Data shown
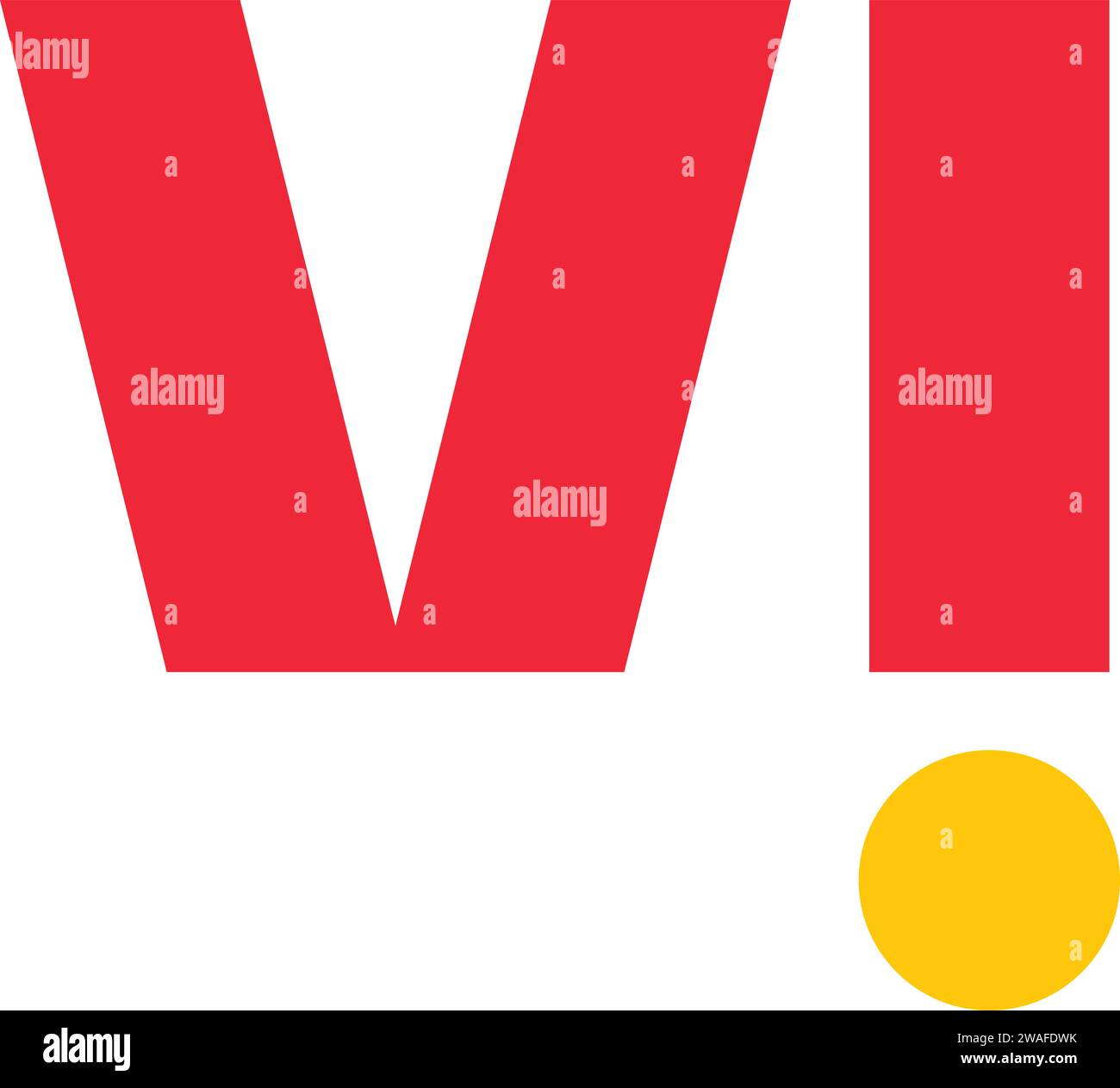 VI-Logo | Vodafone Idea-Logo-Vektor Stock Vektor
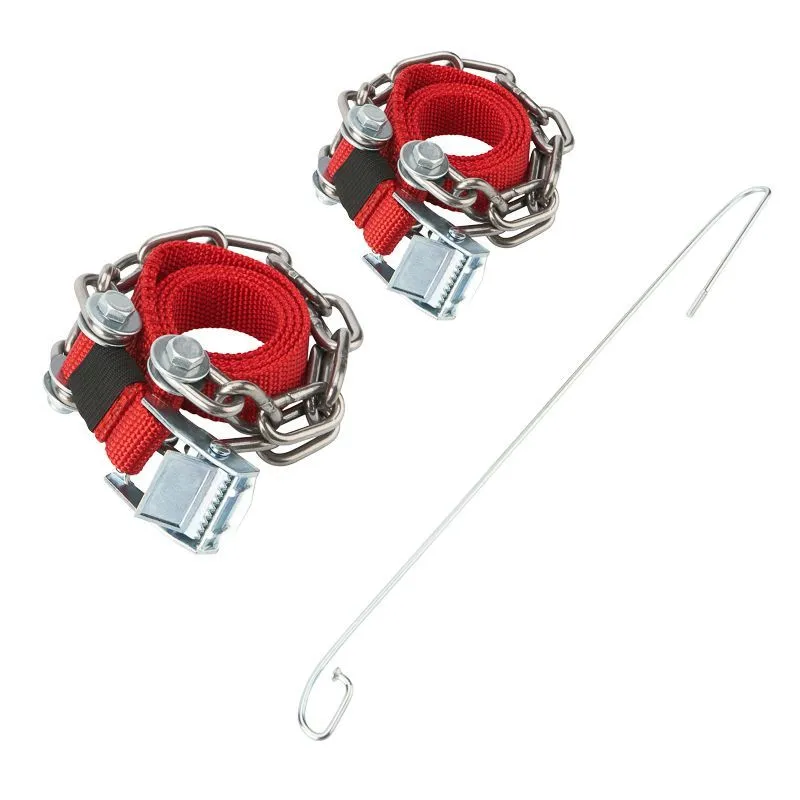 Цепи (браслеты) противоскольжения для легковых автомобилей (колеса 165-205 мм), 2 шт. REXANT 07-7021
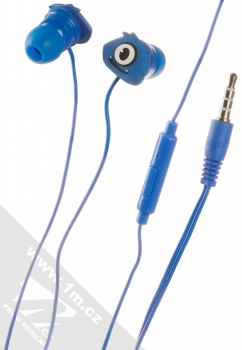 1Mcz YJ-01 Monster stereo sluchátka s konektorem Jack 3,5mm modrá (blue) sluchátka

Problem
You are asked to reproduce each line above exactly, but to exclude the pictures.

Finished exercise
 VI-Logo | Vodafone Idea-Logo-Vektor Stock Vektor
 Цепи (браслеты) противоскольжения для легковых автомобилей (колеса 165-205 мм), 2 шт. REXANT 07-7021
 1Mcz YJ-01 Monster stereo sluchátka s konektorem Jack 3,5mm modrá (blue) sluchátka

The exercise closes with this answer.